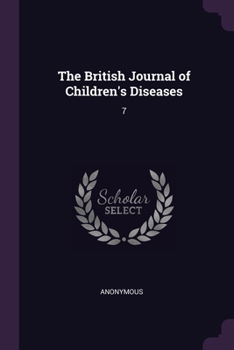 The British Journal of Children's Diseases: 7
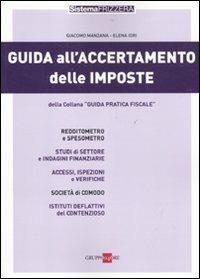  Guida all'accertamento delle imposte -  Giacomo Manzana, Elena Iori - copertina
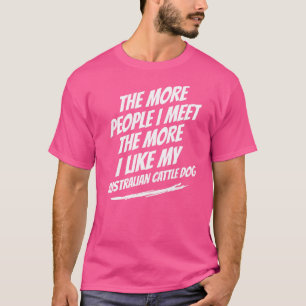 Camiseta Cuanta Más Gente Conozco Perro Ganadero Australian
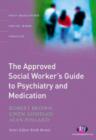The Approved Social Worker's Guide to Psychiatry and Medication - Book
==
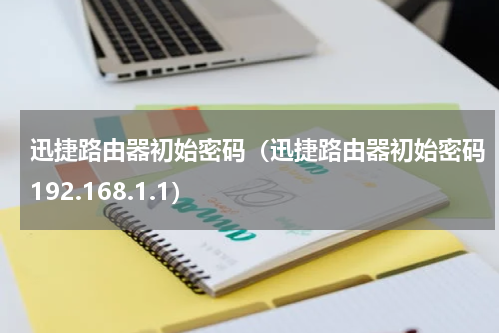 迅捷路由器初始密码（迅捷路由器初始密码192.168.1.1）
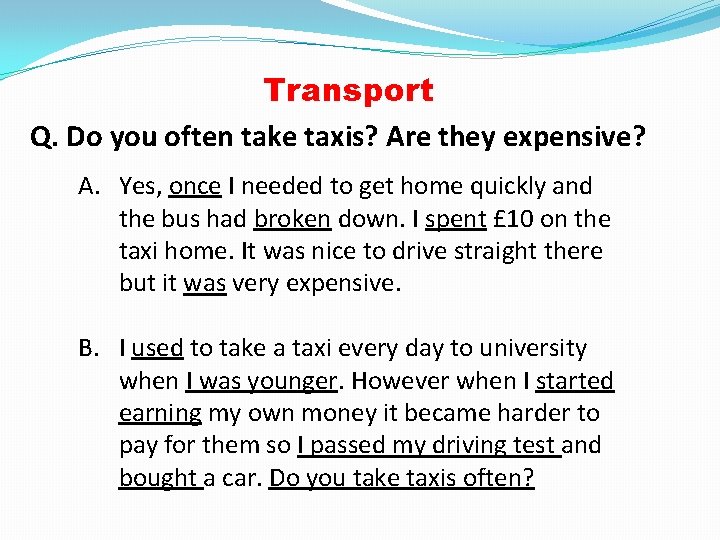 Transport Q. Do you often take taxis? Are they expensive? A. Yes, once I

* [WORK REQUIRED]:
Word for word, restate the lines above from the one with "迅捷路由器初始密码（迅捷路由器初始密码192.168.1.1）" through the one with "Transport Q. Do", keeping both ends and dropping the pictures.

* [ANSWER TO THIS TASK]:
 迅捷路由器初始密码（迅捷路由器初始密码192.168.1.1）
 Transport Q. Do you often take taxis? Are they expensive? A. Yes, once I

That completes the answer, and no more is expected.